A Fortnightly Review of’

Einstein on the Beach
by Philip Glass.
Directed by Robert Wilson.

4 May through 13 May 2012
Barbican Theatre, Silk Street, London.

By Anthony Howell.

‘Prepare to surface.’

The Stanley Kramer film, On the Beach, begins with these words, spoken by the captain of the last US Navy nuclear submarine.

Are we surfacing from a dream, or rising in a submarine to contemplate our worst nightmare? When you come round from dozing off in the middle of a long-duration Robert Wilson opera, you might well ask yourself the same question.

Wilson’s works revel in the dislocation we may associate with dreams. Where a character with a chalk in his hand has scribbled or gesticulated in the opening scene of Einstein on the Beach, a screen appears hours later covered in formulae as the opera draws to its close.

On the Beach stars Gregory Peck, together with Ava Gardner, Fred Astaire, Anthony Perkins and a neurotic Dona Anderson. She has every right to be neurotic since she’s expected to kill her baby if Anthony Perkins doesn’t get back in time to be with her when the world ends.

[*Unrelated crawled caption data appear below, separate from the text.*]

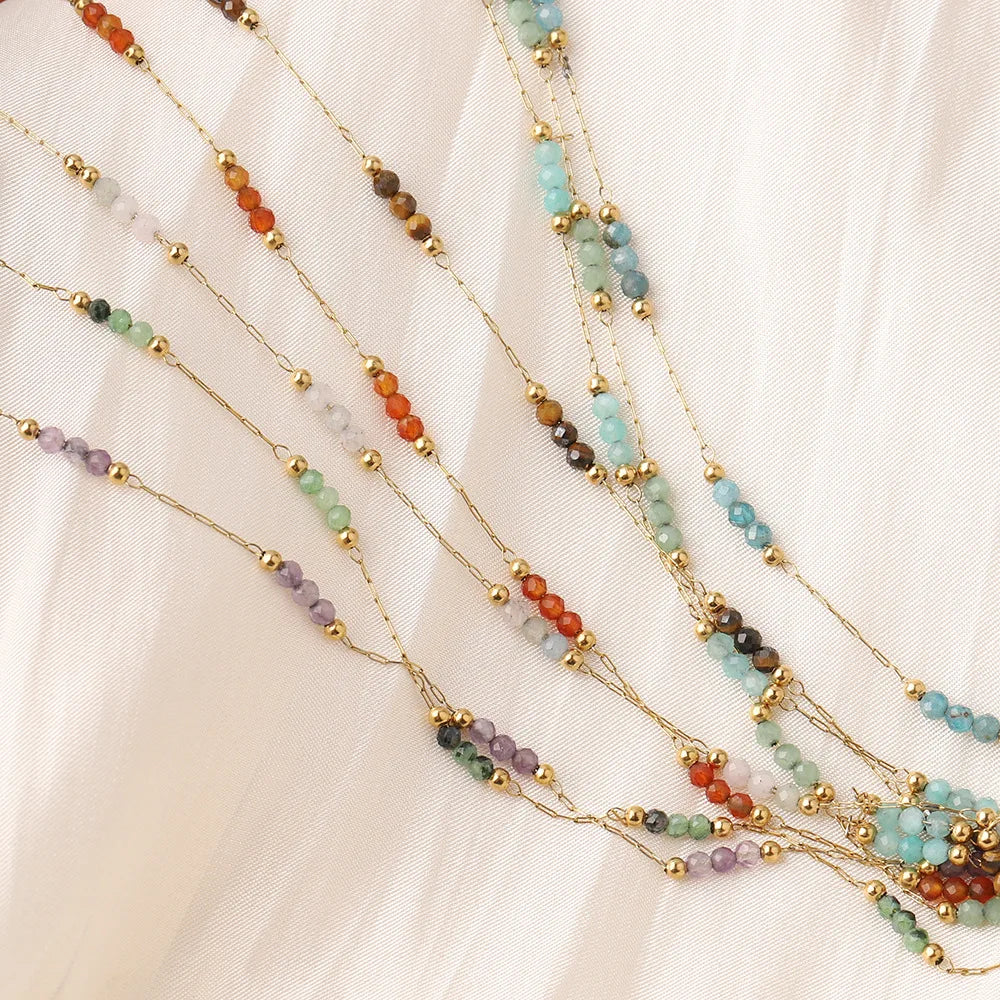 E250 Summer Beach Stainless Steel Jewelry Waterproof Crystal Beads Chains Colored Natural Stone Chains Diy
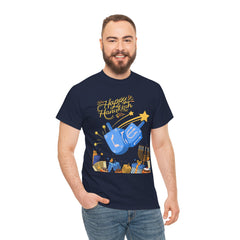 Hanukkah Blue Dreidel & Menorah Holiday Tee 2 design options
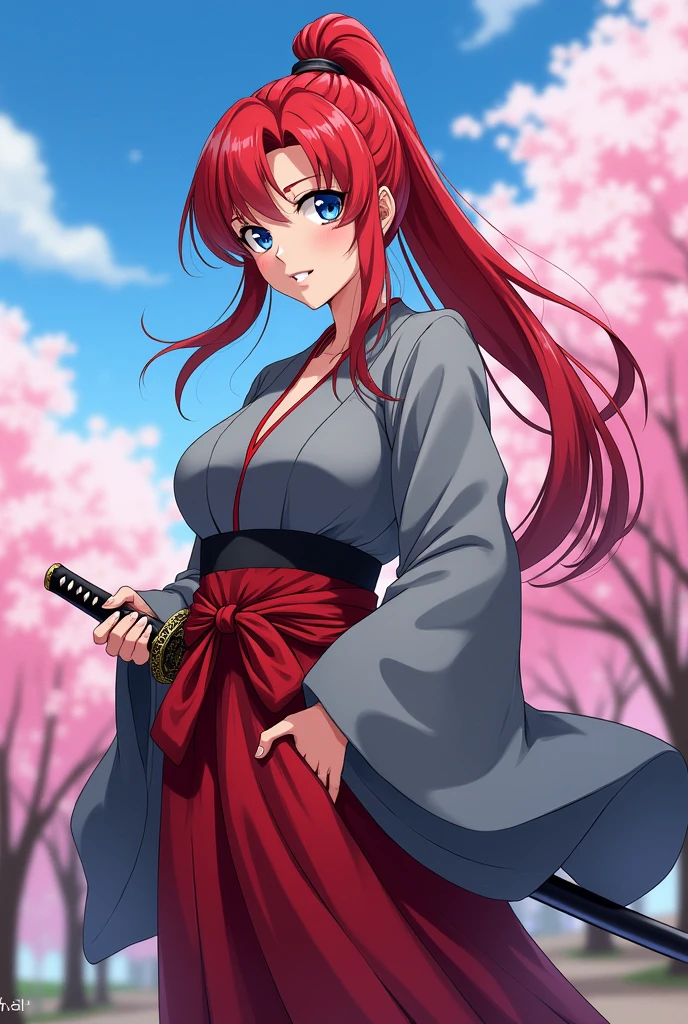 Anime, Japanese woman in a kimono, with blue eyes, red hair, long hair in a ponytail, gray hakama, scarlet clothing, a Japanese sword on her left hip, large breasts, large buttocks, with slightly emphasized chest, and sharp eyes.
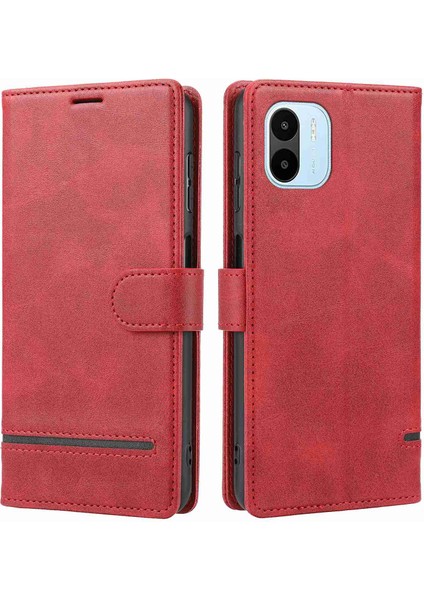Xiaomi Redmi A1 4g/a2 4g Yatay Hat Pu Deri Kılıf Stand Fonksiyon Manyetik Kapatma Cüzdan Telefon Kapak-Kırmızı (Yurt Dışından)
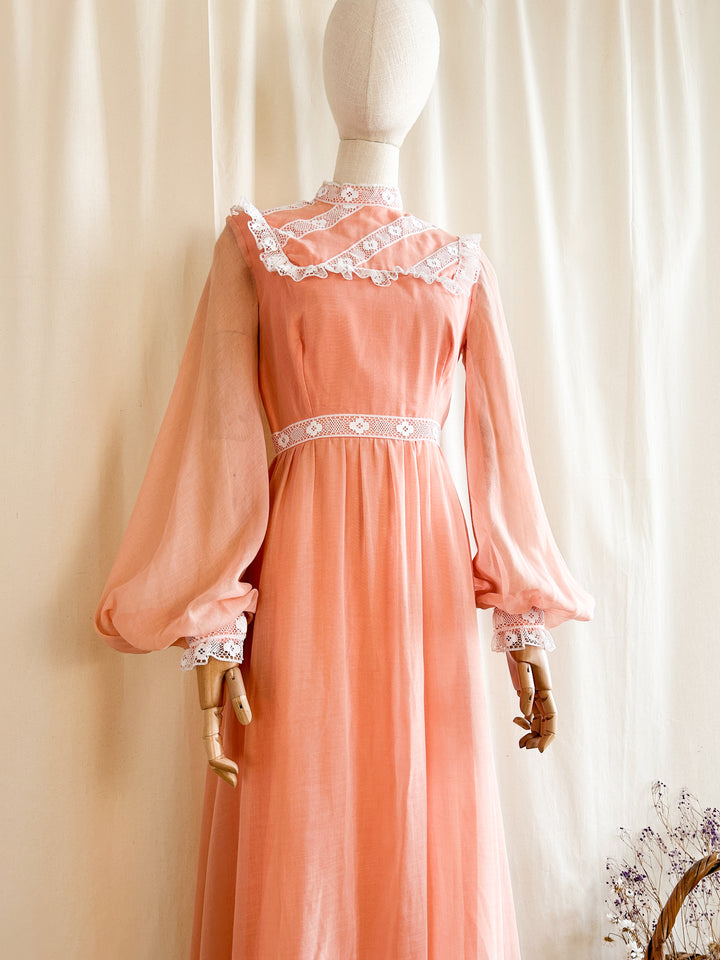 The Parfait ~ dreamy rare 70s peach cotton maxi dress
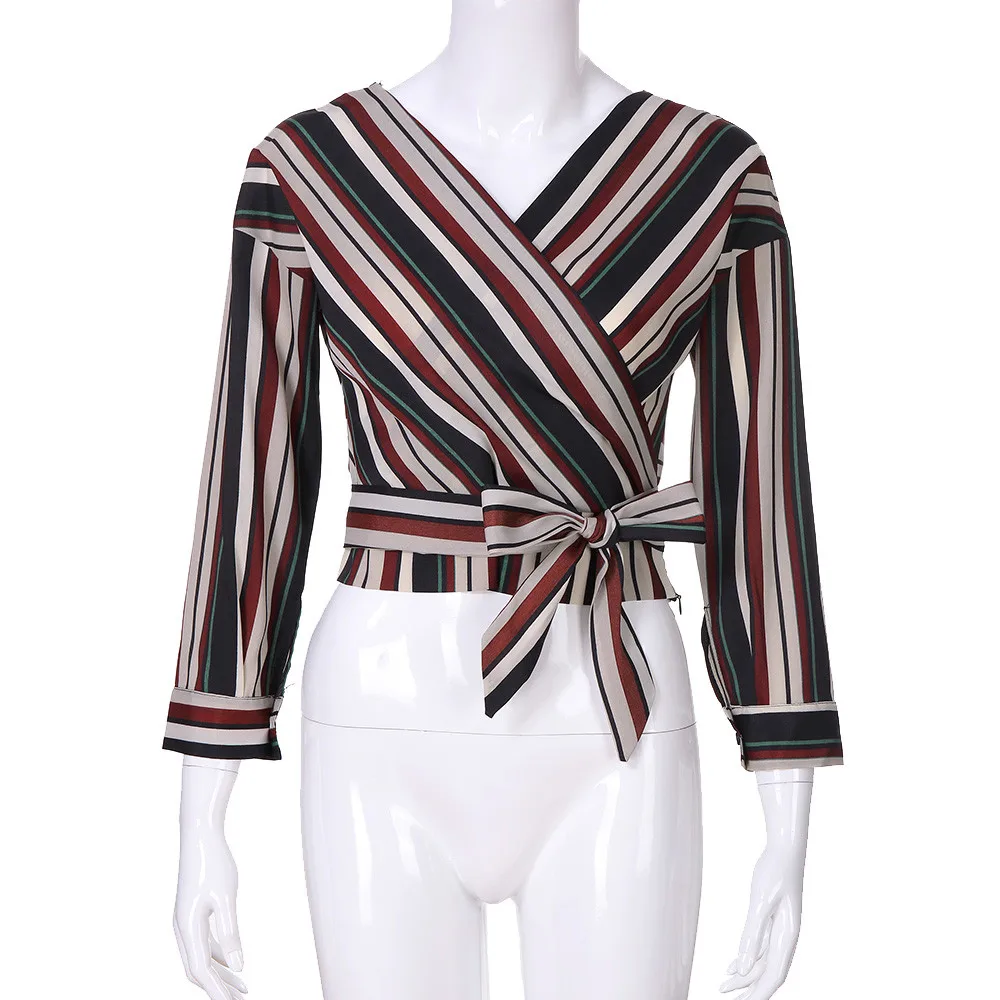 Womens Autuumn Spring Casual V-Neck Top Long Sleeve Color Striped Sashes Blous Shirt blusas mujer de moda #20
Womens Autuumn Spring Casual V-Neck Top Long Sleeve Color Striped Sashes Blous Shirt blusas mujer de moda #20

IT’S THE APOCALYPSE movie to end them all, and the weepiest of weepies. In the aftermath of a nuclear war, the entire world except for Melbourne, Australia, has been annihilated by a nuclear cloud, and now that cloud is drifting inexorably towards the Southern Pole. Gregory Peck’s submarine docks in Melbourne and then takes off for a final tour in search of hope. But there is no hope. And like Lars Van Trier’s equally apocalyptic Melancholia, the film ends with the total destruction of life.

In the final scene of Einstein on the Beach, a train driver treats us to a brief sermon on love, and the joy of kissing, lips pressed to lips. There are plenty of lips pressed to lips in the Kramer film. Ava Gardner and Gregory Peck, Dona Anderson and Anthony Perkins. The kisses are long, compelling, and poignantly final. The tears stream down our faces as we watch, for we are expected to empathise, whereas, in Einstein, the kisses are only talked about. This opera by Wilson, with music by Philip Glass and choreography by Lucinda Childs, is relentlessly modern, and in his essay on the dehumanisation of art, Ortega y Gassett defined modernism as an art about which, ‘one can neither laugh nor cry.’ The twin holocausts of the twentieth century were accompanied by propaganda that insisted on ‘getting its message across’. In their aftermath, many artists developed an antagonism to very notion of having a message.

Just as Wittgenstein, in his Tractatus, passes over in silence that ‘about which we cannot speak’, the Hungarian poet, Janos Pilinsky asserts in a brilliant book on the theatre of Robert Wilson, Conversations with Sheryl Sutton (Carcanet 1992), an existential dumbness in the face of our incomprehension concerning the world we inhabit. In the aftermath of our knowledge that concentration camps have existed and indeed do exist all messages are reduced to a stammer. Imitation theatre occupies a lowland of impersonation and simulated dialogue. Something is always being ‘got across’, whether by illustration or by symbol. Wilson, however, as Pilinsky puts it, immobilises the message. His stillness suspends the spectacle in a globe of its own mere being. It is as a bonfire may be, or a waterfall or a rainbow: an entity we contemplate or dream about. As Robert Frost puts it, “I want the poem to be like ice on a stove – riding on its own melting.”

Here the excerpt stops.